Karla understands both sides of the interruption of school activities: she’s a teacher and a mother. Like Yazmín, she’s decided that her daughter should stay home. The local Education Department has been the target of criticism from teachers and parents, first ordering the suspension of classes in one of the city’s sectors, then announcing a broader cancellation with little notice. After initially pushing for a return to in-person classes, the department finally resigned itself to postponing classes for another week.
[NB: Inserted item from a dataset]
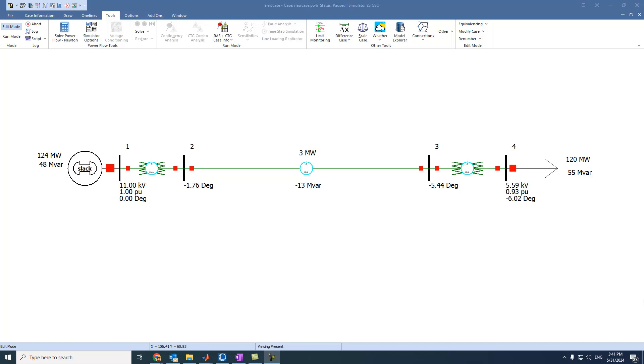Hi everyone, in this video we will see how to add spinners on active and reactive power values of the load.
The Autonomous University of Sinaloa — which has 70,000 students throughout the state — has opted for virtual classes. Still, problems persist. “Many students come from rural areas and don’t have internet access. Others don’t have credit on their phones, because their families haven’t been able to go out to work,” Karla explains. “We cannot demand that they go look for an internet cafe to send in their assignments… we cannot expose them to any risk.”
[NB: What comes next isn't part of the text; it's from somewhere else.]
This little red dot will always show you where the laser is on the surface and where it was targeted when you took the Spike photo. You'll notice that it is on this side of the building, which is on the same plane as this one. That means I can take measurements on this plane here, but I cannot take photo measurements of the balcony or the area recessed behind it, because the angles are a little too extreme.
Governor Rocha asked retailers to open their businesses, after the local branch of the National Chamber of Commerce warned that there were no minimum security conditions to avoid the paralysis of the local economy. The Union of Retailers of Culiacán estimates that the economic losses due to violence are over 800 million pesos ($40 million), while warning about a shortage of basic products. The local Union of Tenants estimates that 2,000 workers have resigned due to the violence, just in the center of the city.
Oxxo — the largest chain of convenience stores in Mexico and Latin America — announced that it was going to take extreme measures to guarantee the safety of its employees and hoped that “security conditions in the state would be restored to resume normal operations.” Aeromexico announced a flexible policy to change flight schedules and routes to and from Culiacán. Coparmex — the country’s main employers’ association — denounced the lack of action by the authorities and demanded greater security guarantees amid the violence. The governor opted to cancel a concert in the city’s main public square for the celebrations of Independence Day, on September 16. And the United States issued a travel alert, warning citizens not to visit the state. Those who do so are advised to “be aware of [their] surroundings” and “maintain a high level of vigilance and keep a low profile.”
Old allies and new rivals
After El Chapo’s extradition to the United States in 2017 and his life sentence being handed down in 2019, four of his sons stepped up in the business. Los Chapitos undertook an aggressive expansion strategy and moved away from the discreet style of other factions, such as the one led by El Mayo. Zambada made few public appearances in recent years, although, before his capture, he imposed — with an iron fist — a strict criminal governance in his territories, stretching out a wide network of corruption that allowed him to avoid jail for five decades. Guzmán’s heirs are considered to be a much more impulsive group, prone to public displays of power and ostentation.
According to U.S. authorities, the Mayiza and the Chapiza — as both groups are known — have been at odds for years, but they coexisted under the same umbrella in the understanding that they were stronger together. “For more than 50 years, [the relationship] has been impeccable, respectful and harmonious, to the point that there are [guardianships] and marriages between both families,” said José Luis Rodríguez Meza — El Chapo’s lawyer — at the end of July.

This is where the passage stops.